The synthesis process produces not just patches, but a universal model of what correct code looks like for this specification.

@dataclass
class UniversalModel:
    """The totalized theory as a universal model of correctness."""

    # The current theory state
    theory: SynthesisTheory

    # Invariants that held across all revisions
    stable_invariants: Set[Assertion]

    # Assertions that were revised multiple times (uncertain)
    unstable_assertions: Set[Assertion]

    # The "core" - beliefs that were never contracted
    core_beliefs: Set[Assertion]

    # Learned negative knowledge (what correct code is NOT)
    negative_knowledge: Set[Assertion]

    def validity_certificate(self) -> ValidityCertificate:
        """Generate certificate of model validity."""
        return ValidityCertificate(
            core_beliefs=self.core_beliefs,
            stable_invariants=self.stable_invariants,
            grounding_check=self._verify_all_grounded(),
            consistency_check=self._verify_consistency(),
            completeness_gaps=self._identify_remaining_gaps()
        )

    def extract_patch(self) -> StronglyTypedPatch:
        """Extract the best patch from the universal model."""
        # The patch is the unique program satisfying all core beliefs
        return self._synthesize_from_beliefs(self.core_beliefs)
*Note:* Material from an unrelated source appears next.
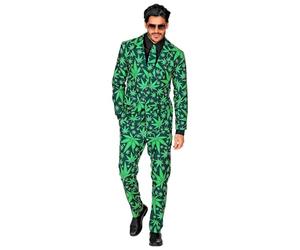 W WIDMANN MILANO Party Fashion - Costume Ganja Style, costume feuilles de chanvre, cannabis, marijuana, tenue de festival, déguisements de carnaval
Summary: Rollback Sharpens Validity

“As long as every assertion is grounded somehow, rolling it back only sharpens the validity of a universal model.”

This is the key insight:

  1. Aggressive expansion fills the theory with candidates

  2. Grounding requirements ensure every belief has evidence

  3. Counterexamples trigger contraction - removing weakly-entrenched beliefs

  4. Entrenchment ordering ensures we keep the most-supported beliefs

  5. Provenance tracking lets us understand why the model evolved

  6. Rollback as refinement - each failure makes the remaining theory more valid

The universal model that survives this process is refined by failure, not just constructed from success.